Trump denies 'proof' Putin poisoned opposition leader -- and Russia defies sanctions threat from the rest of the West
First Lady Melania Trump looks on as President Donald Trump receives a two-arm handshake President Vladimir Putin.

Russia defied threats of new sanctions over the poisoning of Alexei Navalny, as US President Donald Trump said on Friday he had not yet seen proof that the Kremlin critic was a victim of Moscow's Novichok programme.

A new crisis in ties between Russia and the West broke out after Germany said this week there was "unequivocal evidence" that President Vladimir Putin's top foe had been poisoned using the Soviet-era nerve agent.

Western leaders and many Russians have expressed horror at what Navalny's allies say is the first known use of chemical weapons against a high-profile opposition leader on Russian soil.

The 44-year-old lawyer fell ill on a Siberian flight last month and was evacuated to Germany for treatment. He has been in an artificially induced coma for the past two weeks.

The Kremlin again denied responsibility for the attack on Friday.

"A whole number of theories including poisoning were considered from the very first days," Putin's spokesman Dmitry Peskov told reporters. "According to our doctors, this theory has not been proved."

Foreign Minister Sergei Lavrov said Germany's justice ministry had so far failed to share any findings with Moscow's prosecutors, adding that Russian authorities had "nothing to hide".

Trump said Friday he had yet to see proof from Berlin that Navalny had been poisoned.

"I don't know exactly what happened. I think it's tragic, it's terrible, it shouldn't happen," the president told a press conference.

'Stress and dieting'

Over the past few days, pro-Kremlin figures have wheeled out a number of eyebrow-raising theories, including that Navalny might have been poisoned by Germans in Berlin or even have poisoned himself.

On Friday, a toxicologist claimed the opposition politician's health could have deteriorated due to dieting, stress or fatigue, insisting no poison had been found in his samples in the Siberian city of Omsk.

"Any external factors could have triggered a sudden deterioration. Even a simple lack of breakfast," said the chief toxicologist for the Omsk region, Alexander Sabayev.

On Thursday, Belarusian strongman Alexander Lukashenko also muddied the waters, claiming his security forces had intercepted German calls showing Navalny's poisoning had been faked.

Russia has in the past denied responsibility for a 2018 Novichok attack on former double agent Sergei Skripal and his daughter in England, as well as a litany of similar incidents.

NATO demands transparency

In Brussels, NATO called for an international probe into Navalny's poisoning and demanded Moscow reveal details of its Novichok nerve agent programme to the OPCW global chemical weapons watchdog.

After an emergency meeting of NATO's ruling council, alliance chief Jens Stoltenberg said all members were united in condemning the "horrific" attack on Navalny.

Germany briefed the other 29 nations on the case and Stoltenberg said there was "proof beyond doubt" Novichok was used.

"The Russian government must fully cooperate with the Organisation for the Prohibition of Chemical Weapons on an impartial international investigation," Stoltenberg said.

The Novichok attack on Skripal in 2018 led to seven Kremlin diplomats being expelled from their NATO mission.
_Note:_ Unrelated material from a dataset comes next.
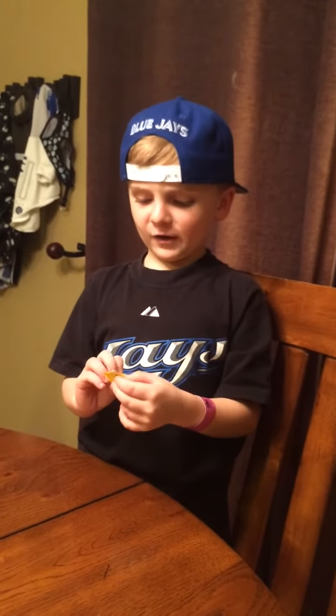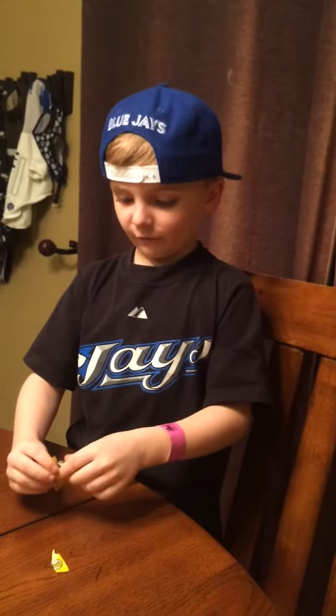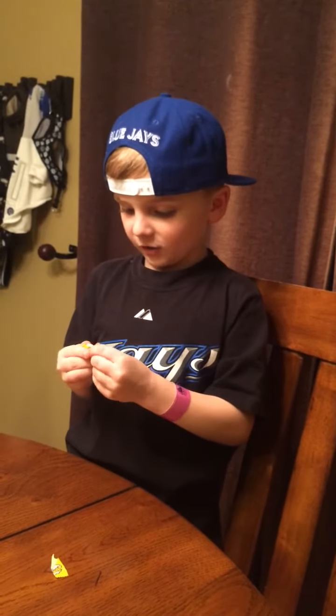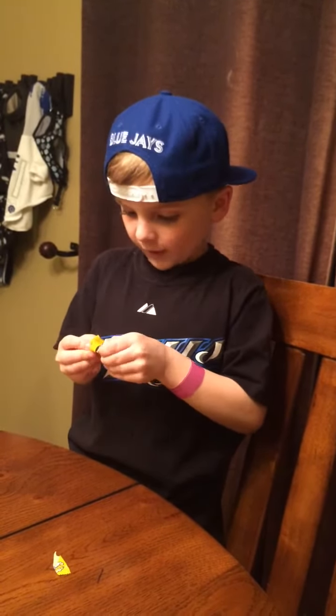Hey everybody, welcome back and today's my fourth video. Today I'm going to eat a warhead, so this is how you open it. You just have to flip that, and inside the package is a warhead.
While Stoltenberg did not rule out a similar reprisal this time, he stressed that the Navalny poisoning was quite different from the Skripal attack, which happened on the soil of a NATO member.

European Union foreign policy chief Josep Borrell earlier called on Moscow to cooperate with an international probe into the poisoning and said the 27-nation bloc would not rule out sanctions.
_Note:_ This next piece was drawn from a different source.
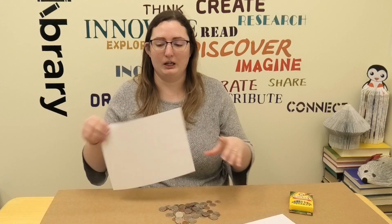Hi, welcome back. It's Sarah with Valley City Barnes County Public Library and I'm going to show you just a fun texture President's Day activity which is coin rubbing. All you'll need are some coins, either just plain printer paper or cardstock, and some crayons.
In Moscow, a court threw out a complaint by Navalny's Anti-Corruption Foundation over investigators' perceived inaction, the group said.

Ivan Zhdanov, head of Navalny's anti-corruption group, said Thursday the opposition politician's poisoning opened a "new chapter" in a Kremlin crackdown on dissent.

"Now the Russian state will be inventing the most absurd and crazy versions of what has happened," he told AFP.